The Mister and I are returning to Kuwait very soon (!!), which means our thoughts are filled with packing and airline baggage policies.  Add to that the fact that we are dealing with drama surrounding the Mister's passport (lesson learned: Don't trust the USPS with important documents that need to be returned urgently), and you can get an idea of how low my anxiety level has been for the past few weeks.

Not helping: this is what our bedroom has looked like for most of the summer. Actually, this is pretty clean compared to what it looked like a few days ago. ::sigh::

We moved most of our stuff up to Kuwait when we finished our tenure in Saudi Arabia. That means that a lot of the necessities are already there and ready to be unpacked. I'm really excited about that because it means we are able to bring a lot of fun things with us on our return flight. Souvenirs, artwork bought in Italy, fun decorations for the house, and lots of new teacher clothes are going to make the trip with us back to the land of sand and sun. So why all the headache?


I try to think like a business person. I understand that baggage handler unions and rising fuel costs prevent the airlines from giving passengers free rein when it comes to cramming their suitcases to the max. I don't mind paying excess baggage fees; they're a LOT less expensive than shipping costs.
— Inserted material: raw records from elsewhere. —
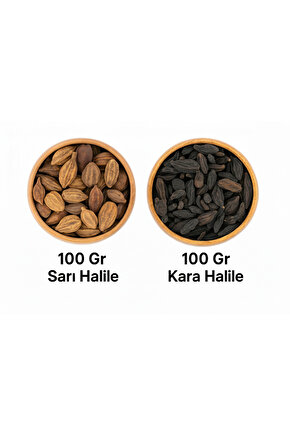 Kara Halile 100 Gr + Sarı Halile 100 Gr | Doğal Şifalı Bitki Seti (İkili Paket - Toplam 200 Gr)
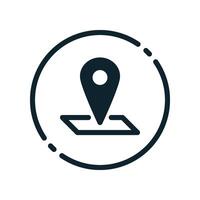 Design Illustration graphic of location icon with glyph style. Suitable for UI, mobile design, web design, etc. vector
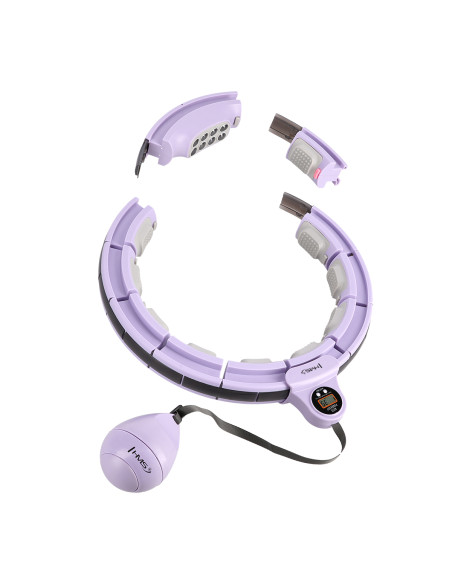 HULA-HOOP-REIFEN VIOLET MIT MASSAGEPUNKTEN UND SCHWERKRAFTBALL + ZÄHLER HMS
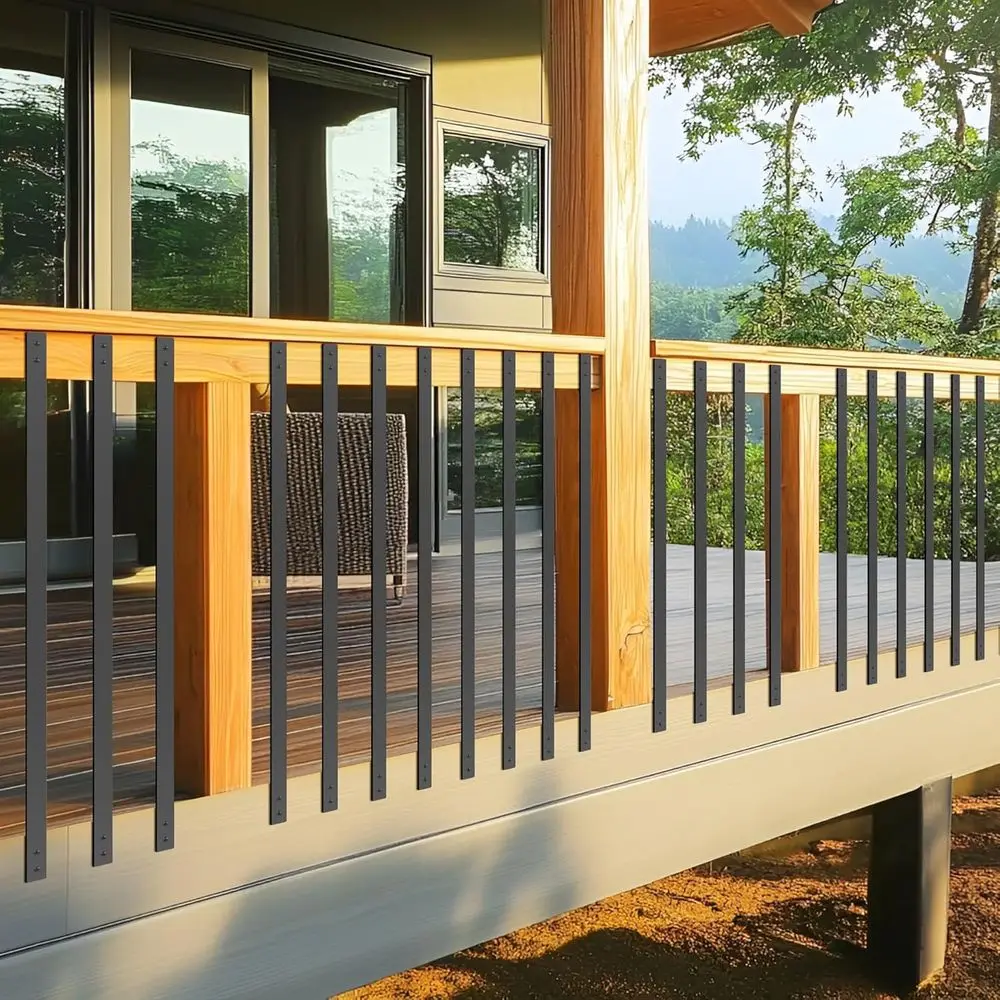 Eixos de deck de ferro fundido para serviço pesado, 32,25-51 polegadas, 51 pacotes, balaústres planos e retos com parafusos para deck de escada ao ar livre e varanda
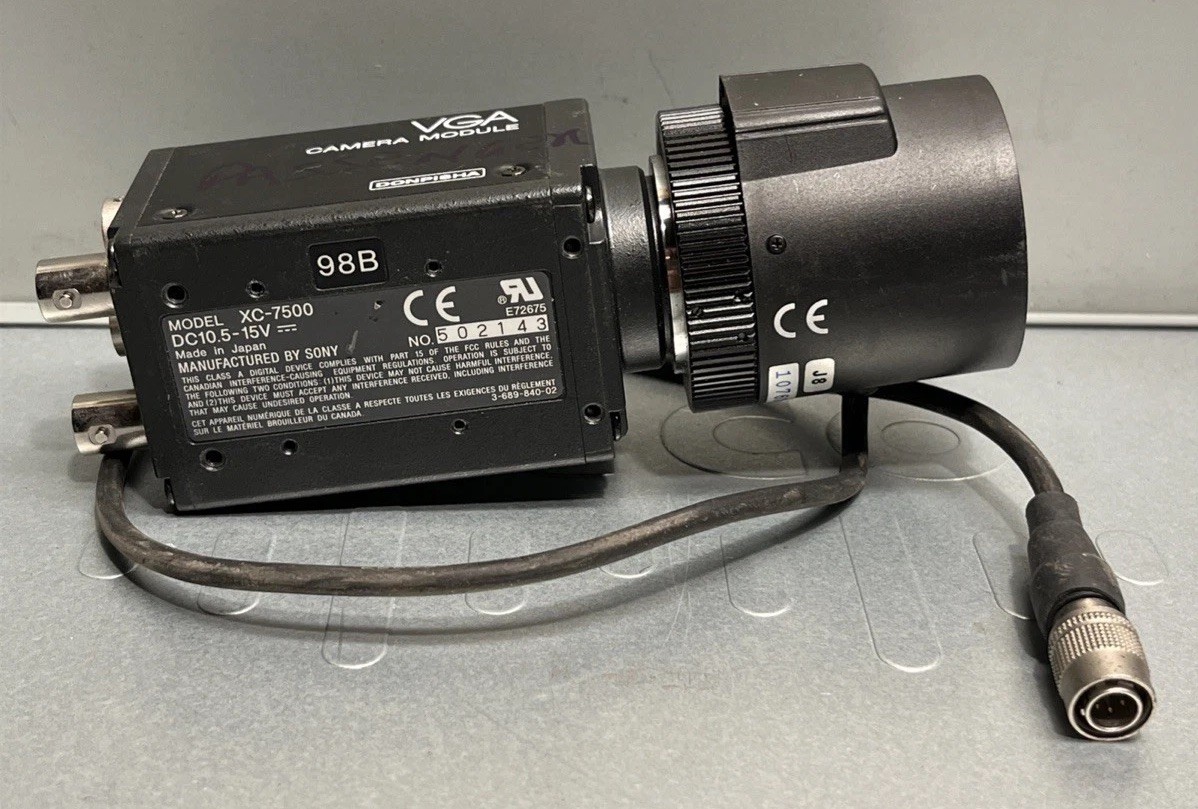 Sony XC-7500 + Cosmicar Pentax 6mm Lens CCD Industrial Camera, Untested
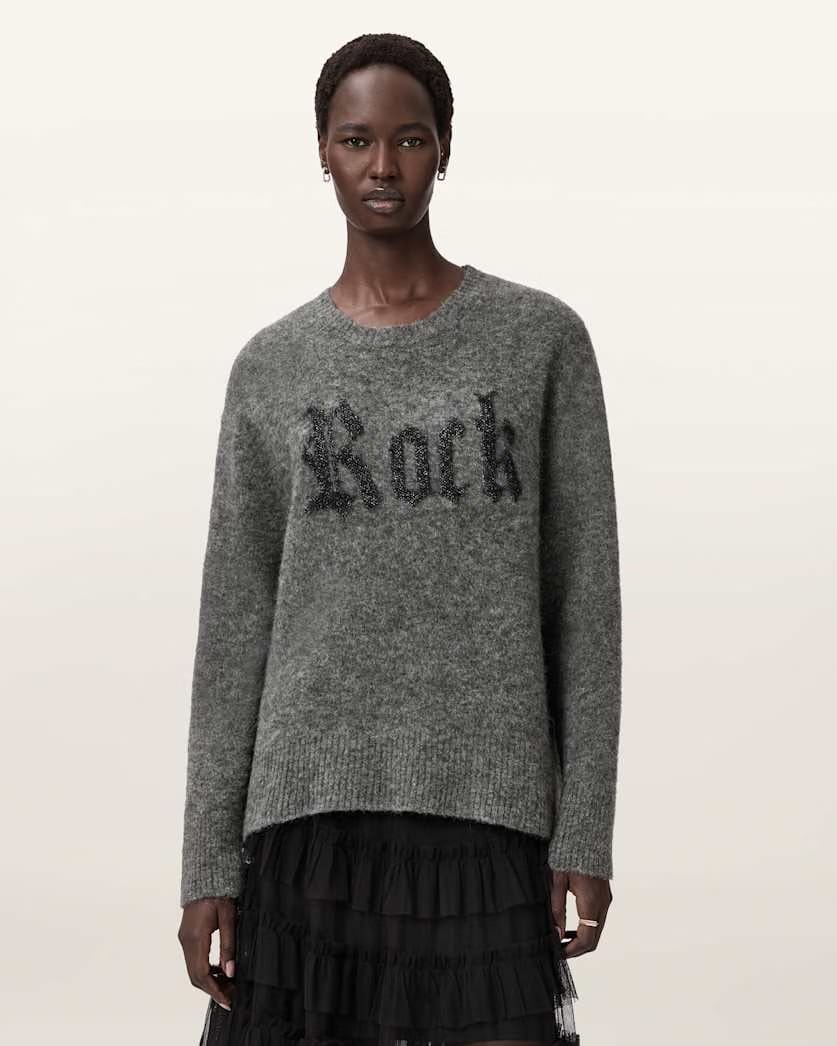 AllSaints Rock Wool Sweater Women's Metallic/Charcoal Women's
What bothers me is the fact that I'm not really sure how much I'm going to have to pay until I actually show up at the airport.

Here's the story:

Back in June I called the airline to find out just how much we were going to have to pay. The representative was very annoyed that I had given up on scouring their extremely confusing website in favor of talking to a human being and discussing my complex situation.

Based on the information the airline representative gave me in June, I calculated that our baggage fees were going to be about $500 for all our stuff. Not too terribly bad, especially when you consider that our new school will reimburse us for up to $700 in baggage fees per person. I was pretty stoked. We'd budgeted $1000 for the baggage fees, so as long as I gave myself $200 wiggle room, I'd still be under our budget, right!? More shopping for me!!

Fast forward to yesterday when I was double checking and noticed that the baggage information pages on the website had changed. So I called again. Spoke with another annoyed representative who told me that the baggage fees would now add up to TWELVE HUNDRED DOLLARS!! Whaaaat!?

We had to regroup. We culled back through all our baggage, eliminated some of the creature comforts that we didn't really need, and weighed everything. The way I figure it, we have two options:

Pack everything chock-a-block full and deal with the overweight, over size baggage fees (that would be about $1200) and only take 1 big suitcase, 1 trunk, 1 carry on, and 1 duffle bag.

Here's the trunk. We bought it at the beginning of the summer thinking that we had a 100 lb max limit that would cost just $400 to take on the plane with us. Turns out that if we pack it to 100 lb, this once piece would cost us $700.

Option number two is to pack things to within the 70 lb limit, still pay overweight fees on some bags, and take 2 big suitcases (that are only about 75% full), the trunk (only about 50% full, but the storage will be great in Kuwait), 1 medium suitcase, 1 carry on, and 1 duffle. If all my information is correct, all that luggage will cost us $800.

This is what the medium suitcase looks like right now...and we only have 1 small load of laundry that hasn't been packed yet.

This whole situation is so ridiculous! I understand that the baggage handlers don't want to get sneak attacked by a random 100 lb suitcase, and I agree that they should be compensated for schlepping my heavy stuff...but seven hundred dollars for 1 not-that-big piece of baggage!? Seriously!?

Alright. Rant complete. Back to stressing about visas instead.